__Source data__:
▼

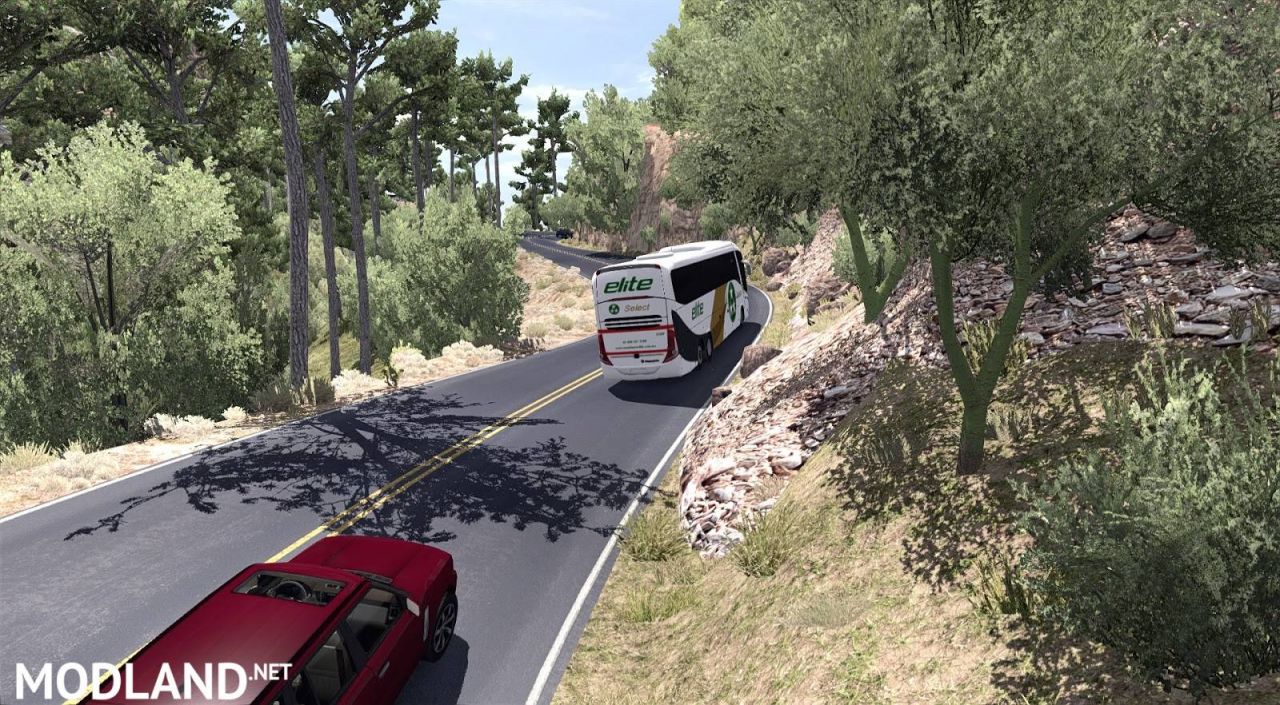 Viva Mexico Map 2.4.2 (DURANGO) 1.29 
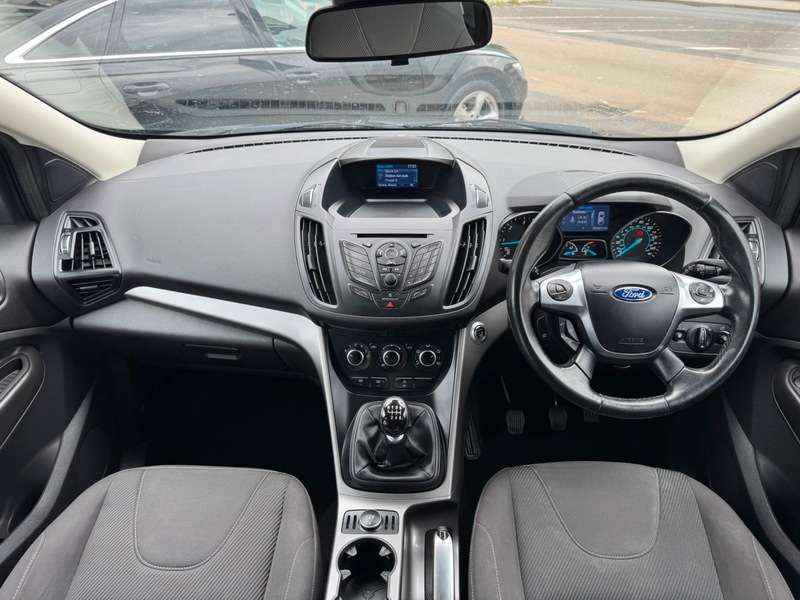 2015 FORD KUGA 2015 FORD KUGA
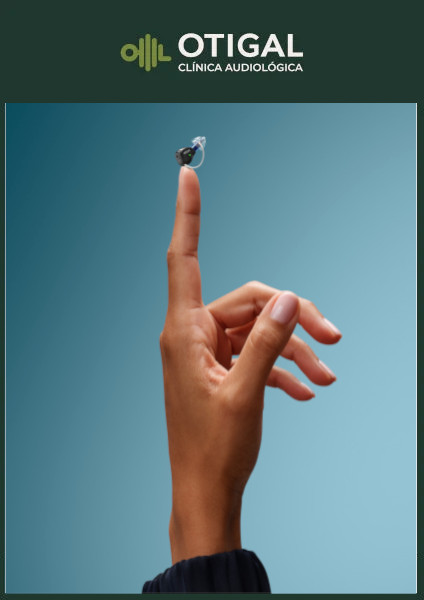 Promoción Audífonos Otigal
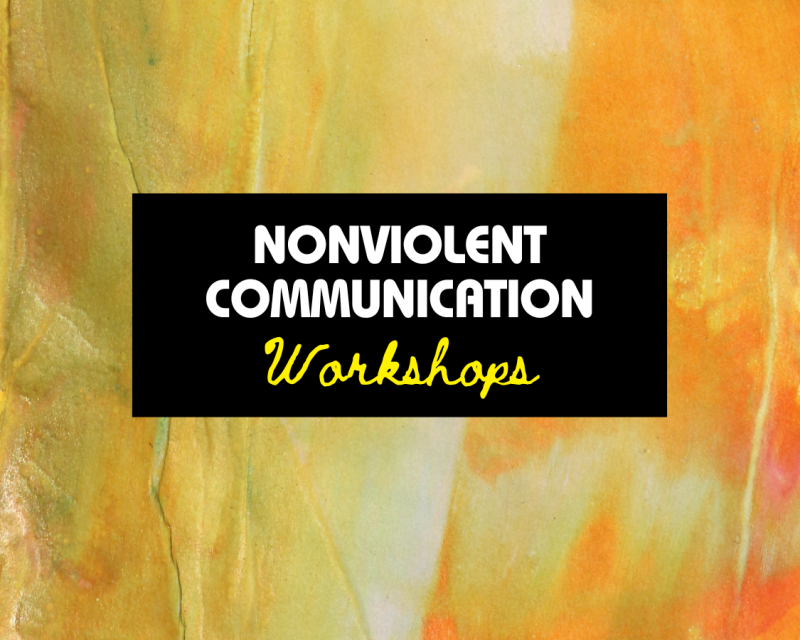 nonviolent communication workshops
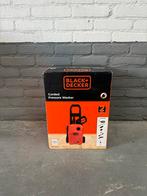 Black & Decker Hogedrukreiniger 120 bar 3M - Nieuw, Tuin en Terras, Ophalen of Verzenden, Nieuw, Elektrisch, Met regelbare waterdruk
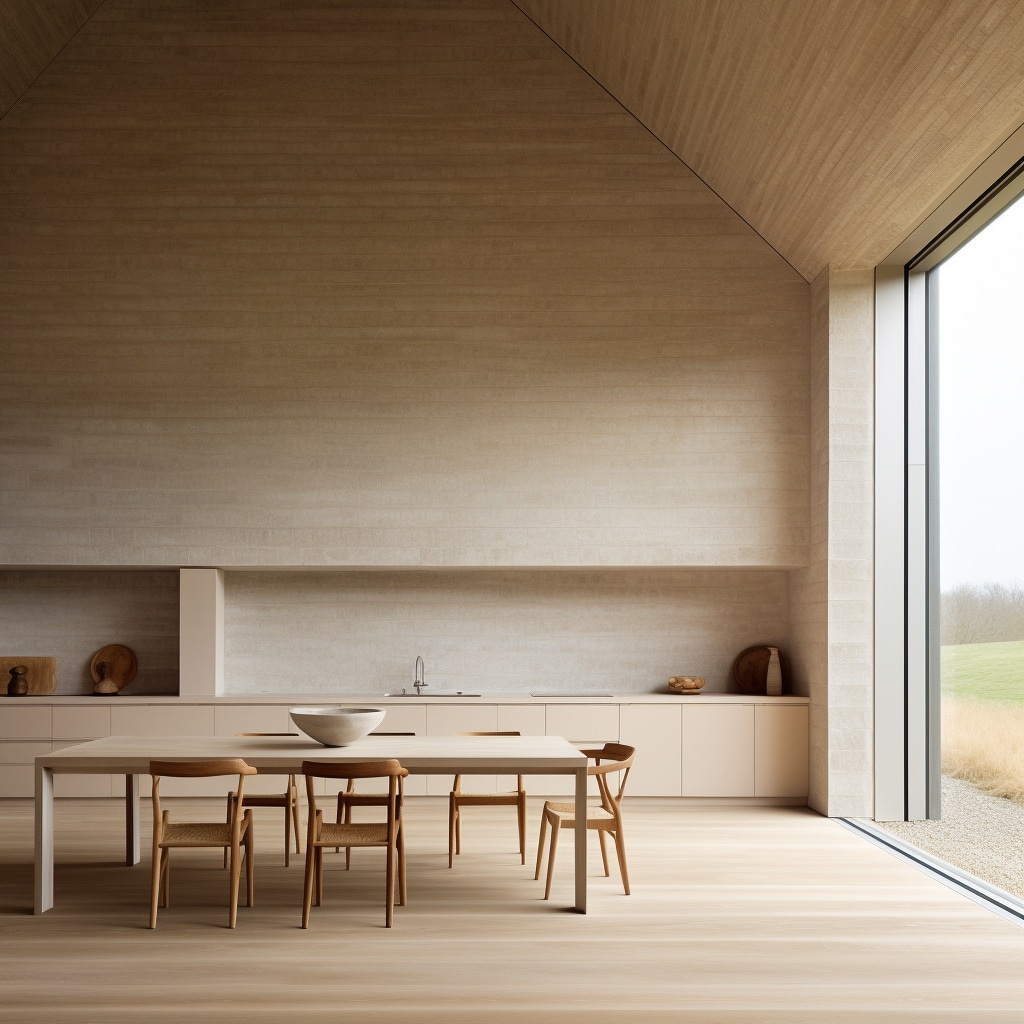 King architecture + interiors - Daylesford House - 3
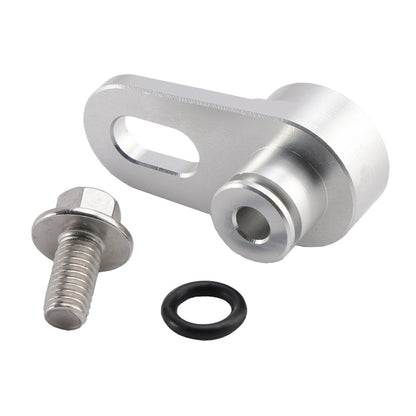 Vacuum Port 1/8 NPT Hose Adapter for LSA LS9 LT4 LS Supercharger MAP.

▲
▼

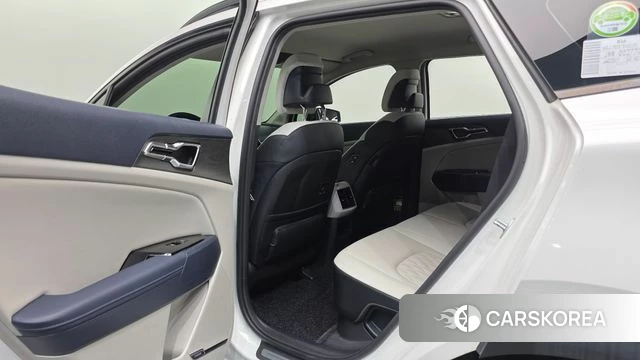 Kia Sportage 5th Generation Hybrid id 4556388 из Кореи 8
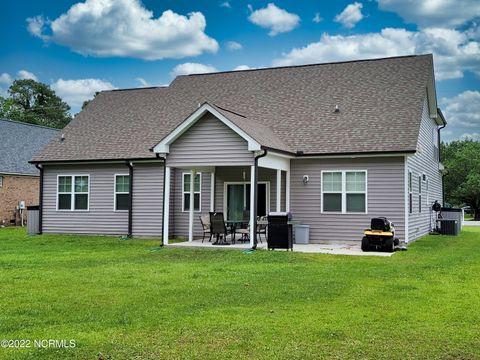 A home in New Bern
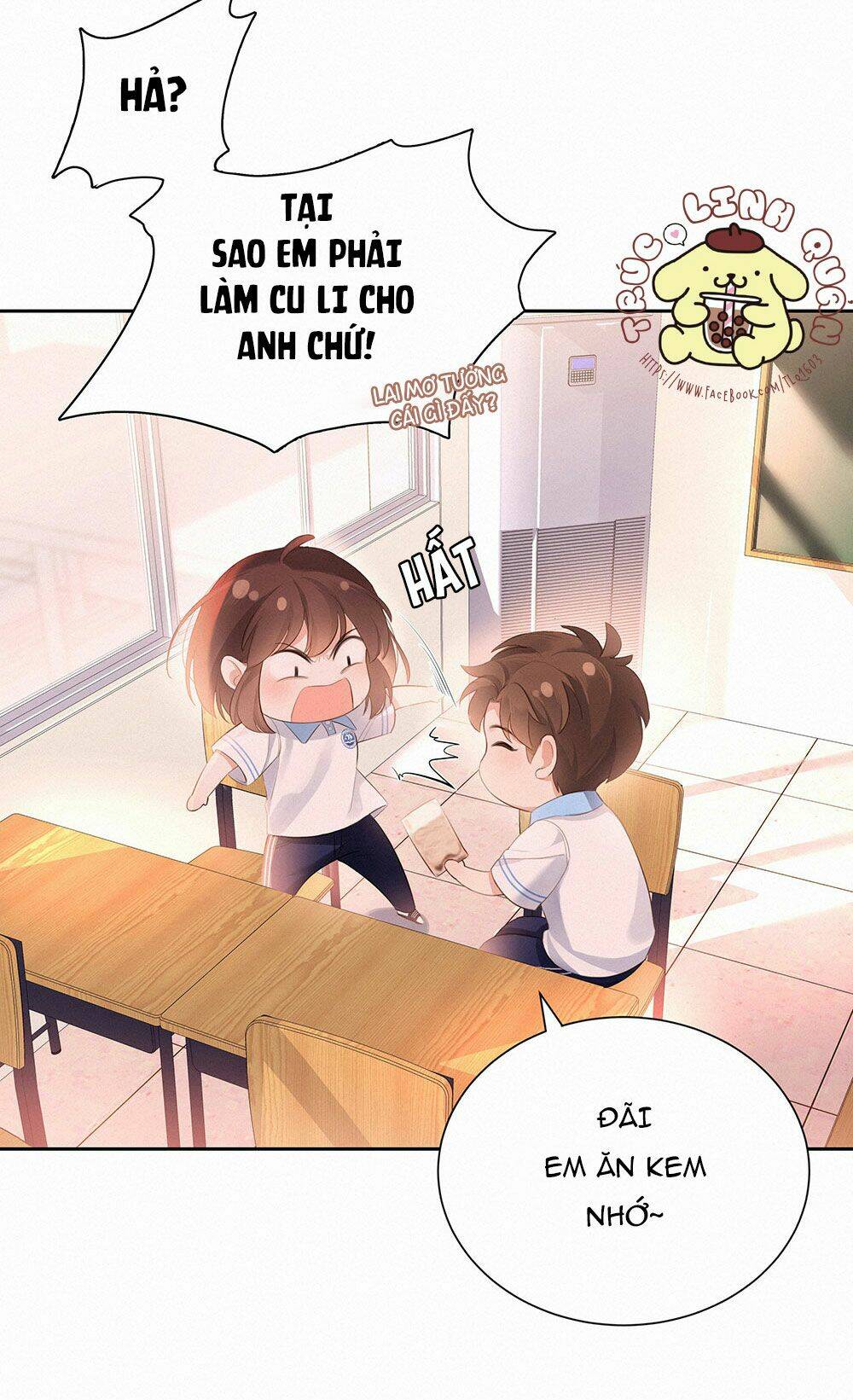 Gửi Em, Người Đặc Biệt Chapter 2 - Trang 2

▲

Pictures are to be left out. Write out only the lines above starting at the one with "Viva Mexico Map 2.4.2 (DURANGO) 1.29" and ending at the one with "Vacuum Port 1/8", both lines included, exactly.

 Viva Mexico Map 2.4.2 (DURANGO) 1.29 
 2015 FORD KUGA 2015 FORD KUGA
 Promoción Audífonos Otigal
 nonviolent communication workshops
 Black & Decker Hogedrukreiniger 120 bar 3M - Nieuw, Tuin en Terras, Ophalen of Verzenden, Nieuw, Elektrisch, Met regelbare waterdruk
 King architecture + interiors - Daylesford House - 3
 Vacuum Port 1/8 NPT Hose Adapter for LSA LS9 LT4 LS Supercharger MAP.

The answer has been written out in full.